═══ Data for this task

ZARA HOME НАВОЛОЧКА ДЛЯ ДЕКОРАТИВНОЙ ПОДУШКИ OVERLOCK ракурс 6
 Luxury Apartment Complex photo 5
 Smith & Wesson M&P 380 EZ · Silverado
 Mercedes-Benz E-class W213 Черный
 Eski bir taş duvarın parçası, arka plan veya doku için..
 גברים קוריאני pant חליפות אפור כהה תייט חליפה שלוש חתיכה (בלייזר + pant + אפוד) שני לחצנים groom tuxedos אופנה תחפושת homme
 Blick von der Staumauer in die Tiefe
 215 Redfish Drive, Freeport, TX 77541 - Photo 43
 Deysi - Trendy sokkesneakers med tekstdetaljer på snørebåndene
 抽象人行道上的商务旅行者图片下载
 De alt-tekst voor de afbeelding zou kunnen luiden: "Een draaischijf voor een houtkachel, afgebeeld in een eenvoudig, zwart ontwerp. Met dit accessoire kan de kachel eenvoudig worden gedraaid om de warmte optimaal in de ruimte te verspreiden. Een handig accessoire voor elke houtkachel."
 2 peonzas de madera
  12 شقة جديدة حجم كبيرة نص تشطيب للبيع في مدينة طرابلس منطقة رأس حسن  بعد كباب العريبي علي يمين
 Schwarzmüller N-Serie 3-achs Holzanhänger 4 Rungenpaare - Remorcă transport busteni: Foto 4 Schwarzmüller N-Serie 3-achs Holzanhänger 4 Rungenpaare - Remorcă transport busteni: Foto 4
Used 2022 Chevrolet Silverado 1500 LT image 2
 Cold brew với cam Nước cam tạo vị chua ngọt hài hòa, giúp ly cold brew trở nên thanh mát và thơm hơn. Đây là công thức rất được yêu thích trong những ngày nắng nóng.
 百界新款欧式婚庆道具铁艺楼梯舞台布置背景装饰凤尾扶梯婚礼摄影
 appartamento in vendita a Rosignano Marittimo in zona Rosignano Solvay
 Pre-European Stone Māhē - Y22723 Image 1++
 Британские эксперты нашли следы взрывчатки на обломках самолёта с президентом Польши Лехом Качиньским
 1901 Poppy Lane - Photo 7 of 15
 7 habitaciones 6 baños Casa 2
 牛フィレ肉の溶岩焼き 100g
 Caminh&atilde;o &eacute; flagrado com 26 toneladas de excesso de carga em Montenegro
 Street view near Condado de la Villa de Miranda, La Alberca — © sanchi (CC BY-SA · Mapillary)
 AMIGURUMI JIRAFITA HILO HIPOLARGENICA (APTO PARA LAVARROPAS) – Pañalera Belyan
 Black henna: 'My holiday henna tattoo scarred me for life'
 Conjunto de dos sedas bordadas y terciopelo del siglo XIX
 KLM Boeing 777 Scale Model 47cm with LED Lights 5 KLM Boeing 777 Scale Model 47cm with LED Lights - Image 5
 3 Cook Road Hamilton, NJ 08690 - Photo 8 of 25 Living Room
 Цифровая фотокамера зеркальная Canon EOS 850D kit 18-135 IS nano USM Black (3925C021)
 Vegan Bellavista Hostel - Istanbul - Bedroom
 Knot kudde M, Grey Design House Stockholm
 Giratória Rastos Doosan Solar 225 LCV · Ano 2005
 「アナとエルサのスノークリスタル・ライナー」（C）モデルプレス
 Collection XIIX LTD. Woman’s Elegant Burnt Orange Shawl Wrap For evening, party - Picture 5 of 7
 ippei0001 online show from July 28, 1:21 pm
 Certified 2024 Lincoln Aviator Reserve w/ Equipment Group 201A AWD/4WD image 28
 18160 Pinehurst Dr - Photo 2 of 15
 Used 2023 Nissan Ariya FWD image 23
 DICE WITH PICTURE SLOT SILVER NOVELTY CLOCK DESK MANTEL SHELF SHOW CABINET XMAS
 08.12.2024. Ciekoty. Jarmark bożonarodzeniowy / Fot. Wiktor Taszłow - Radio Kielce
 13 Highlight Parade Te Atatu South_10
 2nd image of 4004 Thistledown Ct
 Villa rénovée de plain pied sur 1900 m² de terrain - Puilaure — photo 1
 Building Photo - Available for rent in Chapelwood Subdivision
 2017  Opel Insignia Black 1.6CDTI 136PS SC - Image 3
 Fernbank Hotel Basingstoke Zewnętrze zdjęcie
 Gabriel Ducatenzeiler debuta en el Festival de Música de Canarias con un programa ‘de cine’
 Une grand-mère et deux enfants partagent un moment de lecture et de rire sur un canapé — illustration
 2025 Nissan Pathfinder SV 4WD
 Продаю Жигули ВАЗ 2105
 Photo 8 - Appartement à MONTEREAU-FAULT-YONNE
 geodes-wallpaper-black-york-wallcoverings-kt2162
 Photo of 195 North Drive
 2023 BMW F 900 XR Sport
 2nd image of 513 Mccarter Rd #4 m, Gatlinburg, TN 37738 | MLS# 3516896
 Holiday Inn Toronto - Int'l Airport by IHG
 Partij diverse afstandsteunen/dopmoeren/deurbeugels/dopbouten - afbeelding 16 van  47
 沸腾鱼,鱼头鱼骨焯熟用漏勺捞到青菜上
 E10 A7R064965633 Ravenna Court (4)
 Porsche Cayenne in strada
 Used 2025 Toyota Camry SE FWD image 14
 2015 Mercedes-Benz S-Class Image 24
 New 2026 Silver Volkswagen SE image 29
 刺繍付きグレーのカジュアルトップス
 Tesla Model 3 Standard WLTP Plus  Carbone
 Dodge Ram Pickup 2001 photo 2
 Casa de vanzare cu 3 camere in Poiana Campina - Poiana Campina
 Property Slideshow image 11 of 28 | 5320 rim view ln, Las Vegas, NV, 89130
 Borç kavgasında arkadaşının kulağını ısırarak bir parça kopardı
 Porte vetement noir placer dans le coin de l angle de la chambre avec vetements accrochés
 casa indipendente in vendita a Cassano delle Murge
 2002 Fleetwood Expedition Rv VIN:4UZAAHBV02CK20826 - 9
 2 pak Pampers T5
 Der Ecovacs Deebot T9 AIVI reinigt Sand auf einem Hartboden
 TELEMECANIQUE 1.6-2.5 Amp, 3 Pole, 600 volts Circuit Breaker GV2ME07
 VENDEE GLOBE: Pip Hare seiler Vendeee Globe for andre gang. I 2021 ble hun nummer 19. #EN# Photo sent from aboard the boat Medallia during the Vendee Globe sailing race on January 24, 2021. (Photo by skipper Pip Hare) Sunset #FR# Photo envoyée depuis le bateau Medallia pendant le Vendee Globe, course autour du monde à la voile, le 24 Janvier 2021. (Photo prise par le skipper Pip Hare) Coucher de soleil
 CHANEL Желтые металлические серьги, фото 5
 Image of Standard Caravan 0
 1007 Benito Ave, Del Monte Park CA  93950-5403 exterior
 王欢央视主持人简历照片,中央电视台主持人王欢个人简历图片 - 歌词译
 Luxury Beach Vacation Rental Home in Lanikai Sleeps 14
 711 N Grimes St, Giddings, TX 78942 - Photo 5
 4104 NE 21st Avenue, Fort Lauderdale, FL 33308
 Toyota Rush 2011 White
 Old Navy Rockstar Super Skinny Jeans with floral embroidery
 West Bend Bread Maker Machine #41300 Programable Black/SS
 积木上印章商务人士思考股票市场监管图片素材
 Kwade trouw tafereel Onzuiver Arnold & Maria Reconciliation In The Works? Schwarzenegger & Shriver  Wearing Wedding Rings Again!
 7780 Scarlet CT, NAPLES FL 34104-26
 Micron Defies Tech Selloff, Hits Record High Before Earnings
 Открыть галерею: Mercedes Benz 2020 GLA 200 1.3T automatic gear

══════

*How to complete this task*: From the first line to the last, copy every record exactly.

*The completed task*:
ZARA HOME НАВОЛОЧКА ДЛЯ ДЕКОРАТИВНОЙ ПОДУШКИ OVERLOCK ракурс 6
 Luxury Apartment Complex photo 5
 Smith & Wesson M&P 380 EZ · Silverado
 Mercedes-Benz E-class W213 Черный
 Eski bir taş duvarın parçası, arka plan veya doku için..
 גברים קוריאני pant חליפות אפור כהה תייט חליפה שלוש חתיכה (בלייזר + pant + אפוד) שני לחצנים groom tuxedos אופנה תחפושת homme
 Blick von der Staumauer in die Tiefe
 215 Redfish Drive, Freeport, TX 77541 - Photo 43
 Deysi - Trendy sokkesneakers med tekstdetaljer på snørebåndene
 抽象人行道上的商务旅行者图片下载
 De alt-tekst voor de afbeelding zou kunnen luiden: "Een draaischijf voor een houtkachel, afgebeeld in een eenvoudig, zwart ontwerp. Met dit accessoire kan de kachel eenvoudig worden gedraaid om de warmte optimaal in de ruimte te verspreiden. Een handig accessoire voor elke houtkachel."
 2 peonzas de madera
  12 شقة جديدة حجم كبيرة نص تشطيب للبيع في مدينة طرابلس منطقة رأس حسن  بعد كباب العريبي علي يمين
 Schwarzmüller N-Serie 3-achs Holzanhänger 4 Rungenpaare - Remorcă transport busteni: Foto 4 Schwarzmüller N-Serie 3-achs Holzanhänger 4 Rungenpaare - Remorcă transport busteni: Foto 4
Used 2022 Chevrolet Silverado 1500 LT image 2
 Cold brew với cam Nước cam tạo vị chua ngọt hài hòa, giúp ly cold brew trở nên thanh mát và thơm hơn. Đây là công thức rất được yêu thích trong những ngày nắng nóng.
 百界新款欧式婚庆道具铁艺楼梯舞台布置背景装饰凤尾扶梯婚礼摄影
 appartamento in vendita a Rosignano Marittimo in zona Rosignano Solvay
 Pre-European Stone Māhē - Y22723 Image 1++
 Британские эксперты нашли следы взрывчатки на обломках самолёта с президентом Польши Лехом Качиньским
 1901 Poppy Lane - Photo 7 of 15
 7 habitaciones 6 baños Casa 2
 牛フィレ肉の溶岩焼き 100g
 Caminh&atilde;o &eacute; flagrado com 26 toneladas de excesso de carga em Montenegro
 Street view near Condado de la Villa de Miranda, La Alberca — © sanchi (CC BY-SA · Mapillary)
 AMIGURUMI JIRAFITA HILO HIPOLARGENICA (APTO PARA LAVARROPAS) – Pañalera Belyan
 Black henna: 'My holiday henna tattoo scarred me for life'
 Conjunto de dos sedas bordadas y terciopelo del siglo XIX
 KLM Boeing 777 Scale Model 47cm with LED Lights 5 KLM Boeing 777 Scale Model 47cm with LED Lights - Image 5
 3 Cook Road Hamilton, NJ 08690 - Photo 8 of 25 Living Room
 Цифровая фотокамера зеркальная Canon EOS 850D kit 18-135 IS nano USM Black (3925C021)
 Vegan Bellavista Hostel - Istanbul - Bedroom
 Knot kudde M, Grey Design House Stockholm
 Giratória Rastos Doosan Solar 225 LCV · Ano 2005
 「アナとエルサのスノークリスタル・ライナー」（C）モデルプレス
 Collection XIIX LTD. Woman’s Elegant Burnt Orange Shawl Wrap For evening, party - Picture 5 of 7
 ippei0001 online show from July 28, 1:21 pm
 Certified 2024 Lincoln Aviator Reserve w/ Equipment Group 201A AWD/4WD image 28
 18160 Pinehurst Dr - Photo 2 of 15
 Used 2023 Nissan Ariya FWD image 23
 DICE WITH PICTURE SLOT SILVER NOVELTY CLOCK DESK MANTEL SHELF SHOW CABINET XMAS
 08.12.2024. Ciekoty. Jarmark bożonarodzeniowy / Fot. Wiktor Taszłow - Radio Kielce
 13 Highlight Parade Te Atatu South_10
 2nd image of 4004 Thistledown Ct
 Villa rénovée de plain pied sur 1900 m² de terrain - Puilaure — photo 1
 Building Photo - Available for rent in Chapelwood Subdivision
 2017  Opel Insignia Black 1.6CDTI 136PS SC - Image 3
 Fernbank Hotel Basingstoke Zewnętrze zdjęcie
 Gabriel Ducatenzeiler debuta en el Festival de Música de Canarias con un programa ‘de cine’
 Une grand-mère et deux enfants partagent un moment de lecture et de rire sur un canapé — illustration
 2025 Nissan Pathfinder SV 4WD
 Продаю Жигули ВАЗ 2105
 Photo 8 - Appartement à MONTEREAU-FAULT-YONNE
 geodes-wallpaper-black-york-wallcoverings-kt2162
 Photo of 195 North Drive
 2023 BMW F 900 XR Sport
 2nd image of 513 Mccarter Rd #4 m, Gatlinburg, TN 37738 | MLS# 3516896
 Holiday Inn Toronto - Int'l Airport by IHG
 Partij diverse afstandsteunen/dopmoeren/deurbeugels/dopbouten - afbeelding 16 van  47
 沸腾鱼,鱼头鱼骨焯熟用漏勺捞到青菜上
 E10 A7R064965633 Ravenna Court (4)
 Porsche Cayenne in strada
 Used 2025 Toyota Camry SE FWD image 14
 2015 Mercedes-Benz S-Class Image 24
 New 2026 Silver Volkswagen SE image 29
 刺繍付きグレーのカジュアルトップス
 Tesla Model 3 Standard WLTP Plus  Carbone
 Dodge Ram Pickup 2001 photo 2
 Casa de vanzare cu 3 camere in Poiana Campina - Poiana Campina
 Property Slideshow image 11 of 28 | 5320 rim view ln, Las Vegas, NV, 89130
 Borç kavgasında arkadaşının kulağını ısırarak bir parça kopardı
 Porte vetement noir placer dans le coin de l angle de la chambre avec vetements accrochés
 casa indipendente in vendita a Cassano delle Murge
 2002 Fleetwood Expedition Rv VIN:4UZAAHBV02CK20826 - 9
 2 pak Pampers T5
 Der Ecovacs Deebot T9 AIVI reinigt Sand auf einem Hartboden
 TELEMECANIQUE 1.6-2.5 Amp, 3 Pole, 600 volts Circuit Breaker GV2ME07
 VENDEE GLOBE: Pip Hare seiler Vendeee Globe for andre gang. I 2021 ble hun nummer 19. #EN# Photo sent from aboard the boat Medallia during the Vendee Globe sailing race on January 24, 2021. (Photo by skipper Pip Hare) Sunset #FR# Photo envoyée depuis le bateau Medallia pendant le Vendee Globe, course autour du monde à la voile, le 24 Janvier 2021. (Photo prise par le skipper Pip Hare) Coucher de soleil
 CHANEL Желтые металлические серьги, фото 5
 Image of Standard Caravan 0
 1007 Benito Ave, Del Monte Park CA  93950-5403 exterior
 王欢央视主持人简历照片,中央电视台主持人王欢个人简历图片 - 歌词译
 Luxury Beach Vacation Rental Home in Lanikai Sleeps 14
 711 N Grimes St, Giddings, TX 78942 - Photo 5
 4104 NE 21st Avenue, Fort Lauderdale, FL 33308
 Toyota Rush 2011 White
 Old Navy Rockstar Super Skinny Jeans with floral embroidery
 West Bend Bread Maker Machine #41300 Programable Black/SS
 积木上印章商务人士思考股票市场监管图片素材
 Kwade trouw tafereel Onzuiver Arnold & Maria Reconciliation In The Works? Schwarzenegger & Shriver  Wearing Wedding Rings Again!
 7780 Scarlet CT, NAPLES FL 34104-26
 Micron Defies Tech Selloff, Hits Record High Before Earnings
 Открыть галерею: Mercedes Benz 2020 GLA 200 1.3T automatic gear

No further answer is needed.